Disassuefazione da fumo

La maggioranza dei Pazienti chiede un aiuto per smettere di fumare per prevenire gravi e mortali malattie. Molti richiedono aiuto prima che un'eventuale patologia si manifesti: ciò dimostra che le campagne di informazione contro il fumo hanno raggiunto l’obiettivo sensibilizzando sempre più cittadini.

SMETTERE DI FUMARE SI PUO', E SI DOVREBBE FARLO, a 35 anni come a 50 anni, e i benefici per il corpo e la salute sono innumerevoli.

Ma come fare?

Innanzitutto bisogna capire che tipo di dipendenza si ha. Oltre a comprendere la sintomatologia respiratoria ed i problemi pneumologici e cardiaci di ogni soggetto.Il marcatore biologico di riferimento che si misura è il monossido di carbonio che permette di conteggiare la quantità di sostanza inalata.

Esistono persone che fumano 40 sigarette ma che magari non le aspirano, oppure altre che ne fumano 15 ma che aspirano molto.
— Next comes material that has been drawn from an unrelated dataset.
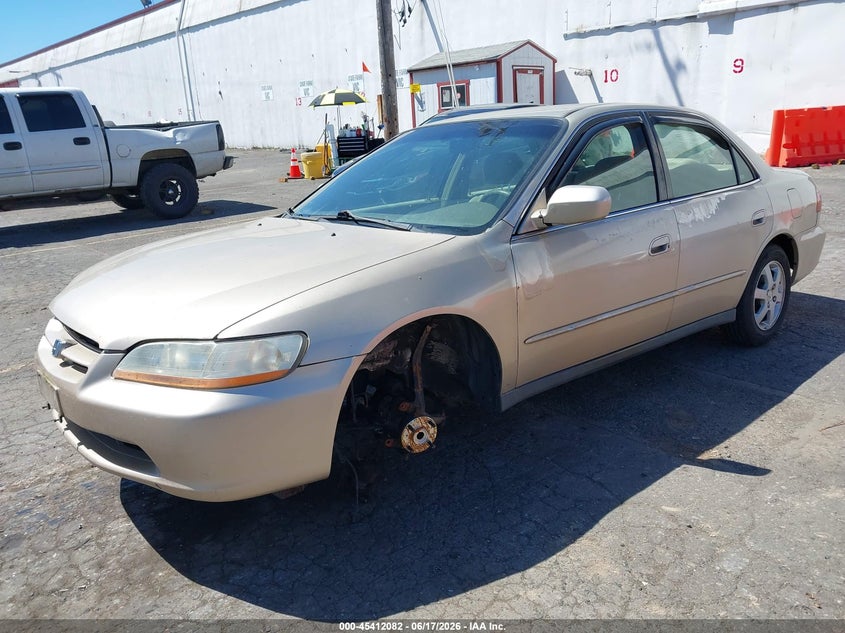2000 Honda Accord 2.3 Se JHMCG5671YC028215 photo 1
Importante è capire che tipo di rapporto con la sigaretta si ha, che tipo di dipendenza e l’importanza del gesto psicologico del tenere “la sigaretta tra le dita”.

Un vero ex fumatore è colui che per almeno 12 mesi interi non ha fumato.

Esistono dei farmaci antifumo che si possono prescrivere (terapia nicotinica ) oppure nuove molecole farmacologiche. Si stabilisce con il medico ed insieme al paziente il tipo di supporto farmacologico eventuale da utilizzare.

E’ importante lavorare su un percorso personalizzato, irrobustendo l’autostima e la capacità motivazionale della persona che vuole davvero smettere di fumare, infatti, la sigaretta sottende spesso un “vissuto emotivo” del tutto peculiare che fa ritenere la medesima come una “compagna di vita” che riduce l’ansia ed elimina la stanchezza. Il fumo esprime inoltre un’instabilità emotiva che porta alla dipendenza senza che il fumatore se n’accorga. Rappresenta un sistema di controllo intrapsichico rispetto agli eventi stressanti e all’aggressività.

Avendo una stretta relazione con l’orifizio buccale, nasale e l’apparato polmonare, il fumo può intendersi come un trait d’union tra esterno e interno, come un equivalente di “cibo” che nutre il Corpo e la Mente possedendo, inoltre, un effetto stimolante o sedativo.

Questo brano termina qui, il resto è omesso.